Zusammenspiel von Finanzbuchhaltung und Jahresabschluss

Finanzbuchhaltung
In der
Finanzbuchhaltung werden die Vorgänge des Unternehmens in Zahlen zusammengefasst und festgehalten. Alle Einnahmen und Ausgaben werden erfasst. Für die Finanzbuchhaltung eines Unternehmens gibt es bestimmte Perioden, also die monatliche, vierteljährliche oder jährliche Erfassung. Dies erfolgt regelmäßig in Abhängigkeit von der
Abgabe der Umsatzsteuervoranmeldung. Für bestimmte Unternehmensformen, zB. Kapitalgesellschaften oder eingetragene Kaufleute, ist die Finanzbuchhaltung verpflichtend vorzunehmen. Für andere besteht natürlich die Möglichkeit freiwillig Bücher zu führen.
Das Ergebnis der Finanzbuchhaltung ist die Ermittlung des Gewinns oder auch Verlustes eines Unternehmens.
Weiterhin besteht die Möglichkeit eine Kosten- und Leistungsrechnung zu erstellen. Hierbei wird der Gesamtgewinn noch weiter unterteilt und zB. auf einzelne Kostenstellen (Verwaltung, Vertrieb usw.) aufgeteilt. Eine Kosten- und Leistungsrechnung ist jedoch nicht verpflichtend.
Jahresabschluss
Am Jahresende hat das Unternehmen dann noch eine Bilanz aufzustellen. Die Bilanz weist die Aktivwerte und Passivwerte des Unternehmens aus. Die Aktivseite
besteht aus Anlagevermögen, zB. die Büroeinrichtung oder der
Fuhrpark und Umlaufvermögen, zB. Forderungen oder Bankguthaben. Die Passivseite besteht aus Eigenkapital und aus Fremdkapital, zB.

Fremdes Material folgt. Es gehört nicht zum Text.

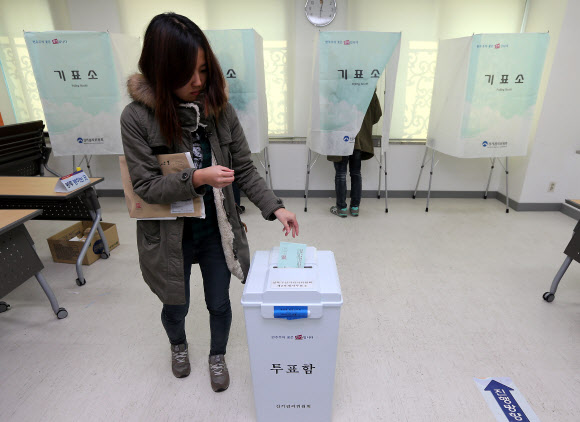 제18대 대선 부재자투표 첫날인 13일 오후 서울 성북구 고려대학교에서 시민들이 투표를 하고 있다.  연합뉴스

Verbindlichkeiten oder Bankdarlehen. In das Eigenkapital fließt der Gewinn oder Verlust des Jahres ein.
Um die Aktiv- und Passivwerte richtig auszuweisen müssen diese einzeln bewertet werden. Hierzu dienen die Vorgaben des Handelsgesetzbuches. Häufig werden gleichzeitig auch die Vorgaben des Steuergesetze (Einkommensteuer- und Körperschaftsteuergesetz) berücksichtigt. Doch eine sog. Einheitsbilanz (Handels- und Steuerbilanz) wird immer schwieriger.

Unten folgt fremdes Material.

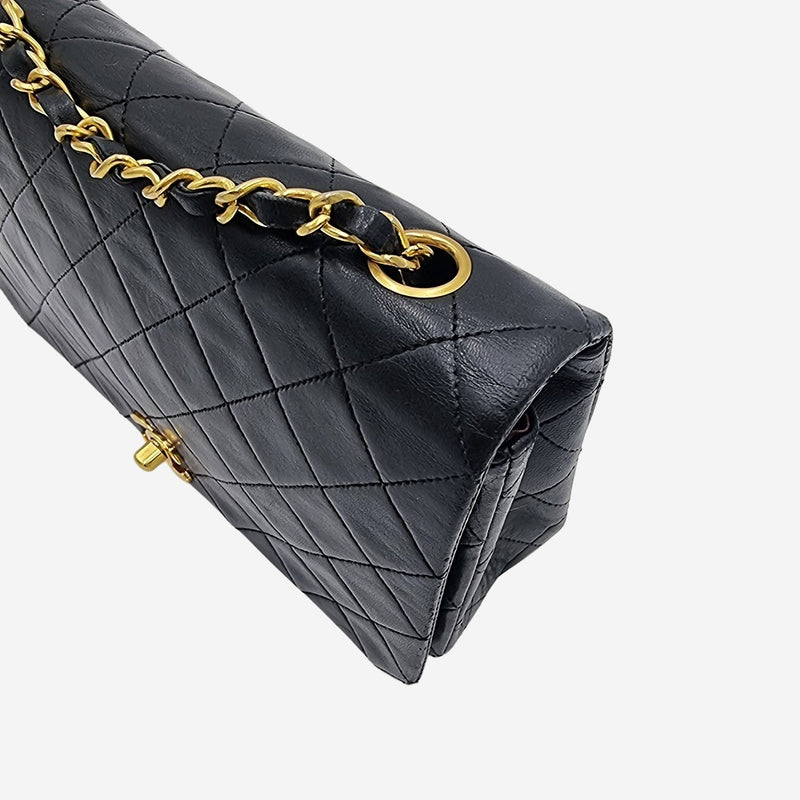 SORT FULL FLAP BAG taske fra brand: CHANEL - We Do Vintage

In der Bilanz wird das Anlagevermögen
nach erfolgter Abschreibung des aktuellen Jahres ausgewiesen, die Forderungen nach evtl. Korrekturen, wie zB. Forderungsausfällen. Die Verbindlichkeiten, auch Rückstellungen, müssen aktuell berechnet werden und mit dem am Bilanzstichtag voraussichtlichen Risiko bewertet werden. Diese Jahresabschlussbuchungen, die durch die sog. Abgrenzung zum Bilanzstichtag erfolgen, verändern noch den Gewinn oder Verlust des Unternehmens. Erst
wenn der Jahresabschluss endgültig fertig gestellt ist, wird auch der Gewinn endgültig ausgewiesen werden können.